Le domaine, constitué d’une succession de petites pentes descendantes, justifie en théorie la position de Buzzi : « Excepté les éléments religieux, tout à La Scarzuola est théâtre. » Un théâtre composé de multiples scènes qui s’ouvrent les unes dans les autres, comme les reflets infinis entre deux miroirs. On y trouve une étonnante accumulation d’éléments : des modèles réduits de temples, un Parthénon, un Colisée, le Canopus de la Villa Hadrien, des motifs favoris de Borromini, la colonne brisée du Désert de Retz, l’œil de théâtre conçu par Ledoux, la bouche béante du monstre de Bomarzo, ainsi qu’une « acropole fantastique de temples » empilée sur la colline dans une perspective aplatie rappelant les peintres primitifs.

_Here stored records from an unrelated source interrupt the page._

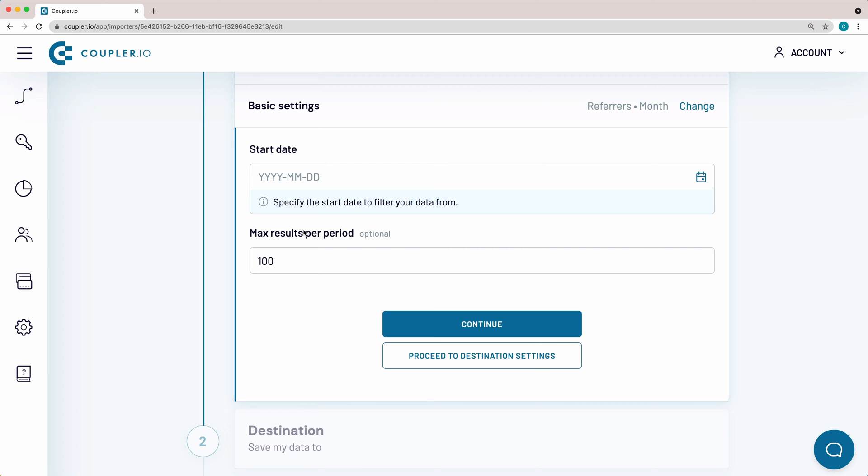Here, I will adjust the maximum results per period to 1000, just to make sure I get a complete list of referrers imported to Google Sheets.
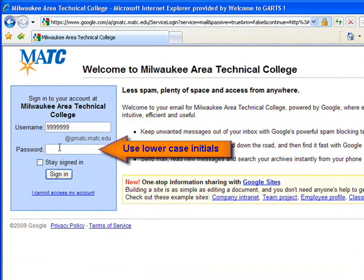Go ahead and type your password. Your default password is the first letter of your first name, the first letter of your last name, plus the two-digit month and two-digit day of your birth.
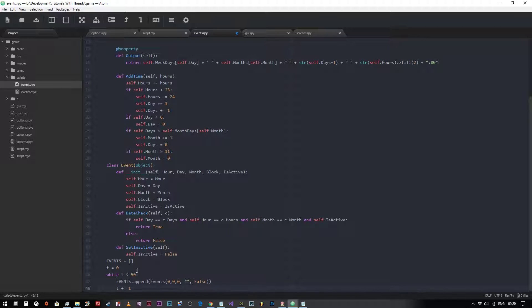So what we've done is we've created a list of 51 items which are all set to 0, 0, 0 and then the flags are set to false so that they don't all go off the instant we run the game.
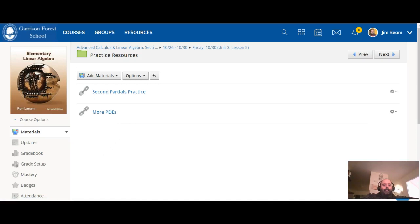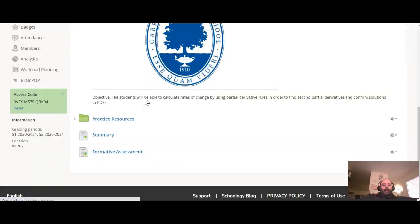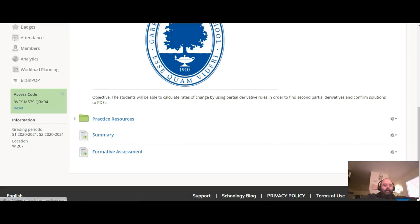All right, after you do that, you're gonna watch the summary video and then we're gonna go from there. Okay.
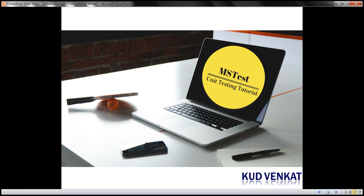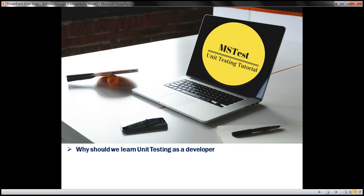In this course, we will discuss how to write effective unit tests using the MS-Test unit testing framework provided by Microsoft. So why should we learn unit testing as a developer? Most companies are making sure their application code is covered by unit tests, and there are several benefits of having unit tests.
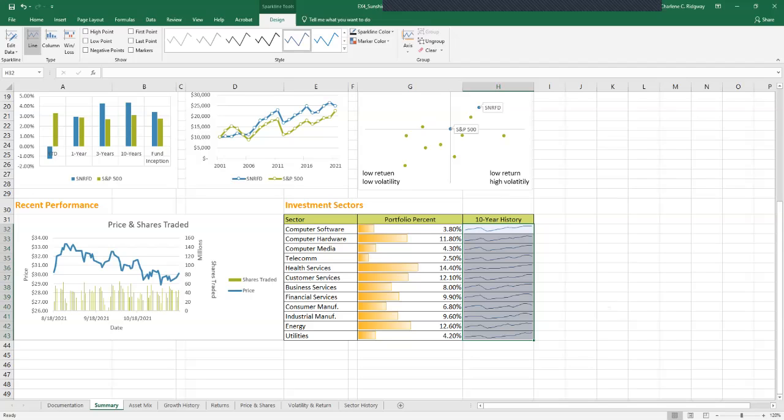Next, we're going to be formatting a sparkline. Because of their compact size, sparklines have fewer formatting options than other Excel charts. You can add data markers to highlight low and high values, initial and ending values, and negative values.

Pour rendre l’ensemble encore plus complexe, Buzzi a intégré des allusions multiples et des codes mythologiques. On trouve un Pégase doré géant, symbole de l’esprit en vol ; un théâtre de Diane et Actéon ; un temple d’Éros ; le bateau de Poliphile ; un lac de Narcisse ; une cour pour Apollon autour d’un tronc de cyprès calciné ; un escalier pythagoricien dont les marches chantent quand on les gravit. Rien n’était trop extravagant pour cet univers unique. Comme il l’écrivit dans ses carnets en mai 1967 : « L’ordre est le plaisir de la raison, mais le désordre est le délice de l’imagination. » Cependant, ce désordre apparent n’avait rien de fortuit. De Narcisse à Actéon, de Cyparissus à Amphion, La Scarzuola explore des thèmes de transformation, de fluidité et de métamorphose.
En novembre 1967, il nota : « Il me faut retrouver le pouvoir fascinant du non finito, semblable à celui des ruines elles-mêmes, qui confère à l’architecture cette quatrième dimension, celle du temps. Je veux intégrer cela dans les jardins, afin que le temps et le mouvement façonnent les statues dans leurs formations futures. » Pour Buzzi, l’architecture devait être instable, changeante, animée d’une immobilité dynamique. Il imaginait que son œuvre, fruit de décennies de méditation et de travail, n’atteindrait sa pleine signification que par son érosion progressive, son effondrement, et sa disparition sous la végétation croissante.
Cette vision ne tenait pas compte de l’énergie presque fanatique de son neveu, Marco Solari, un personnage singulier tout droit sorti d’un conte. Depuis la mort de Buzzi, Solari s’est attelé à préserver et reconstruire avec un soin extrême les moindres idées esquissées par l’architecte. Ainsi, La Scarzuola est devenue une œuvre vivante, à mi-chemin entre la décomposition et la conservation minutieuse.
Cette création est un autoportrait oblique de Buzzi, reflétant moins ses goûts et références que ses choix philosophiques et sa vision de l’existence. Elle est une déclaration éthique envahie par la végétation, une position ontologique incarnée par une théorie de l’incomplétude et de la négligence calculée, proche des idées d’Albert Savinio sur le dilettantisme et les plaisirs de l’imperfection.
Un fragment daté du 17 décembre 1969 résume parfaitement cette approche : « Mon souci subtil serait d’adopter une sorte de modestie apparente, pour ne pas provoquer trop d’envie, même chez ceux qui sont bien plus riches que moi. Et pour éviter toute ‘rivalité’ avec eux, je cultive l’humilité en laissant les choses inachevées, un peu négligées et incomplètes, en affichant habilement des éléments maladroits, critiquables, mais intentionnels. »
Ainsi, La Scarzuola demeure une œuvre unique, à la croisée de l’imaginaire et du tangible, où le génie de Buzzi résonne encore, défiant le temps, les modes, et l’oubli.